In the current design, the database does not enforce the integrity of data with respect to the definition of the fact tables. The basic fact table should contain rows only for daily sales for a store for all the products sold in a day. If we try to insert an aggregated record in the basic fact table (for week, district and brand), the database would not reject the rows. If we like to separate the fact tables according to the grain, then we would have to rely on the ETL process to enforce the granularity of the fact table. Enforcing rules through ETL process has following drawbacks:
- ETL processes need to persist the metadata for populating the fact table in the first figure and the aggregated fact from the 2nd figure.

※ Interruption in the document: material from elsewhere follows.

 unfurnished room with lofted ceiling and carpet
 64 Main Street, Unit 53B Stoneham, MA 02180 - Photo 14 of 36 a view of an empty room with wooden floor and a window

- Multiple ETL processes may be responsible for populating the fact table. In such cases, we would need to duplicate the rules to each process. By maintaining rules (business logic) in the database layer, we can minimize maintenance headaches because the logic is now centrally located making change aforethought and less prone to mistakes.
- ETL processes may not be efficient to enforce rules if the process relies on SQL to enforce the rules. Database integrity constraints are more efficient than SQL.

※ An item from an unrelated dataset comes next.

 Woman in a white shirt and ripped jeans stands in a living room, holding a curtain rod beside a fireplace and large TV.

- If the ETL process relies on a programming language, then it would be very difficult to maintain the meta data in the ETL process.

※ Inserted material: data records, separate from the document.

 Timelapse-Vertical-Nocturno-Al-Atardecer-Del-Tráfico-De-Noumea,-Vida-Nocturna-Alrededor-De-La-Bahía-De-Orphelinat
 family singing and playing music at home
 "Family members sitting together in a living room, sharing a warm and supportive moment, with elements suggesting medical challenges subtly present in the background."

Let us see how the design would change when we partition the dimension table to enforce the granularity of the fact and aggregate table. If we partition the dimension table based on the level of the data in the hierarchy, then we can use these partitioned dimension tables to join with the appropriate fact table. Figure 2 illustrates how the data model will look in the partitioned dimension table approach.
In the new design, the basic fact table joins with the basic dimension tables and the aggregate fact table joins with the higher-level dimension tables. In this design, the granularity of the fact table is enforced by the relational constraint defined in the database. We can use SQL to create a view over all partitioned dimension tables using SQL union all to create a logical design that is similar to the basic POS data mart as described in Figure 1. We can also create views over the basic fact table and aggregated fact table to have one fact view with multiple grain, but this depends on how the data modeler wants to present the logical model.